Nur dank einer strengen Brot-und-Cola-Diät habe ich die Busfahrt von Fès nach El Jadida überhaupt durchgestanden. Abends bekomme ich doch Hunger. Der Pensionsbesitzer kocht selbst und serviert das Essen auf der Dachterrasse. Am Nebentisch sitzt ein mit ihm befreundetes Ehepaar. Ein Bissen genügt und mein Magen rumort erneut. Stehenlassen und schweigend gehen ist aber keine Option. Also schildere ich dem Wirt die peinliche Situation. "Ach, die Arme", erklärt er den anderen Gästen, taucht aber kurz darauf mit einem Esslöffel Kurkuma wieder auf. Soll helfen. Hat es auch.

Im Urlaub zu erkranken nervt immer, auch in Begleitung. Aber wenn man sich vor Magenschmerzen kaum aus dem Bett bewegen kann und dann nicht mal jemand da ist, der Medikamente besorgt, ist besser eine gut bestückte Notfallapotheke in Reichweite. Und man muss sich mit einer Erkenntnis anfreunden: Auch der eigenständigste Mensch muss mal jemanden um Beistand bitten. Dafür kann er die Erfahrung machen, dass viele Menschen spontan sehr hilfsbereit sind.

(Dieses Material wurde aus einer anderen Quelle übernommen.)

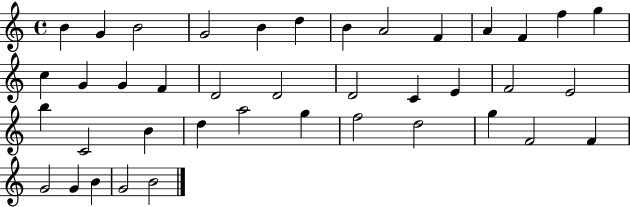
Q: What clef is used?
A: treble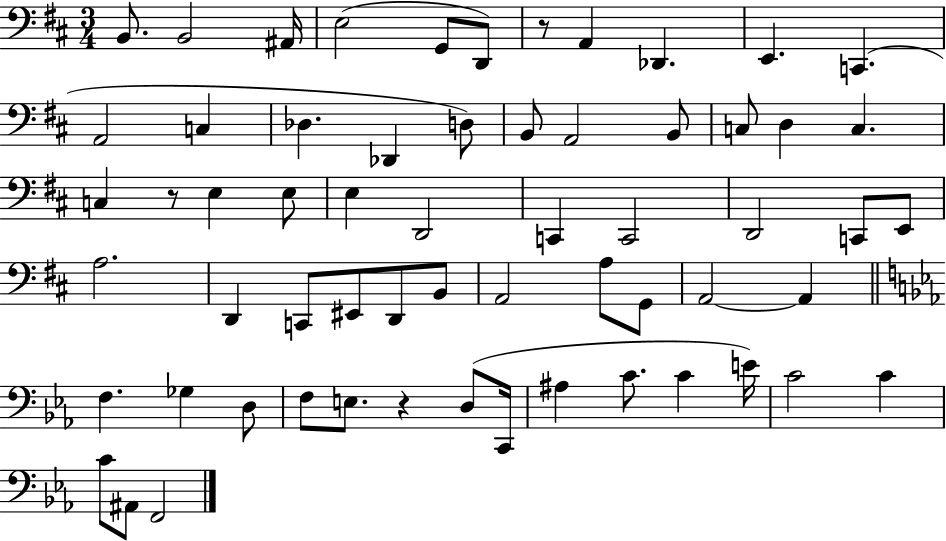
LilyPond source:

{
  \clef bass
  \numericTimeSignature
  \time 3/4
  \key d \major
  \repeat volta 2 { b,8. b,2 ais,16 | e2( g,8 d,8) | r8 a,4 des,4. | e,4. c,4.( | \break a,2 c4 | des4. des,4 d8) | b,8 a,2 b,8 | c8 d4 c4. | \break c4 r8 e4 e8 | e4 d,2 | c,4 c,2 | d,2 c,8 e,8 | \break a2. | d,4 c,8 eis,8 d,8 b,8 | a,2 a8 g,8 | a,2~~ a,4 | \break \bar "||" \break \key ees \major f4. ges4 d8 | f8 e8. r4 d8( c,16 | ais4 c'8. c'4 e'16) | c'2 c'4 | \break c'8 ais,8 f,2 | } \bar "|."
}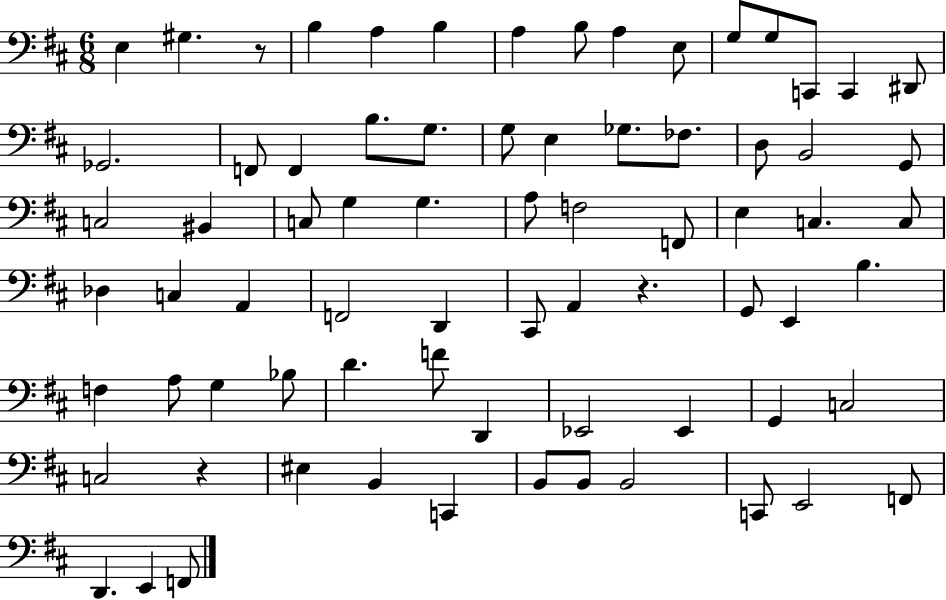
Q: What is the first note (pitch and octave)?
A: E3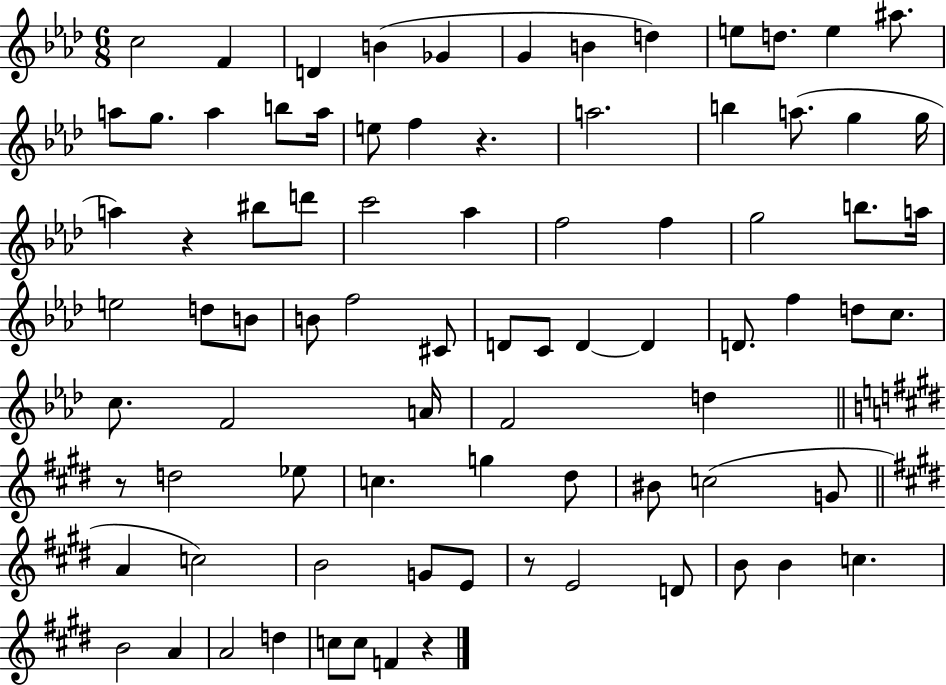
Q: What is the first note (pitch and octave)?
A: C5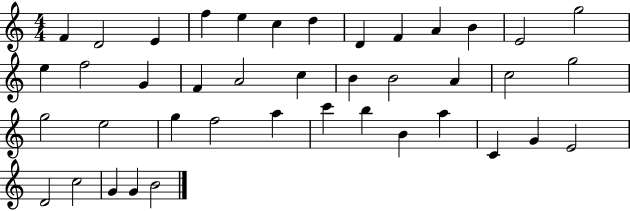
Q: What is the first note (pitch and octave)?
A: F4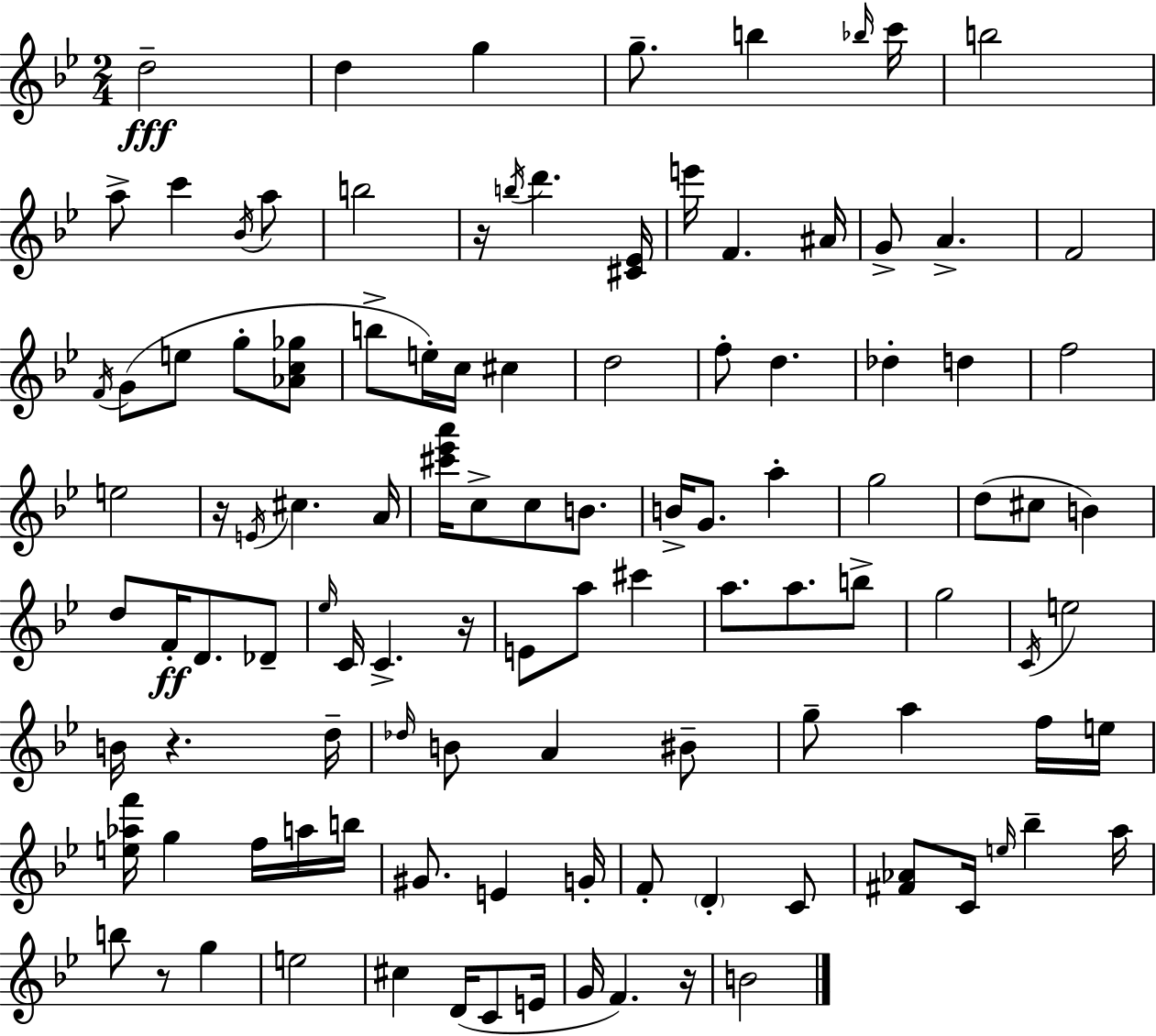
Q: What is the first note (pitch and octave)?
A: D5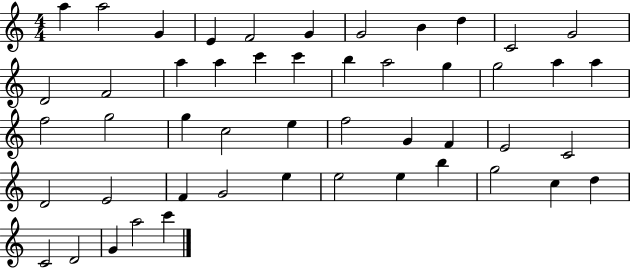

Also besser nicht allein reisen?

Doch, auf jeden Fall! Mehr als zwei Jahre lang war ich nicht mehr allein unterwegs. Und langsam werde ich unruhig.

Ob auf dem Roller durch Lombok, beim Wochenend-Trip in Wien oder mit dem Rucksack quer durch Australien: Alleinreisen ist anstrengend, aber auch eine Bereicherung. Weil man sich auf niemanden einstellen muss, weil man Menschen ganz anders begegnet als in Begleitung und weil man sich niemandem gegenüber rechtfertigen muss. Diese Freiheit und der Abstand zu allem können unglaublich bereichernd sein - ja, sogar süchtig machen. Und die sechs Herausforderungen lassen sich von Reise zu Reise leichter meistern.

Dieser Text ist zuerst am 7.2.2019 erschienen.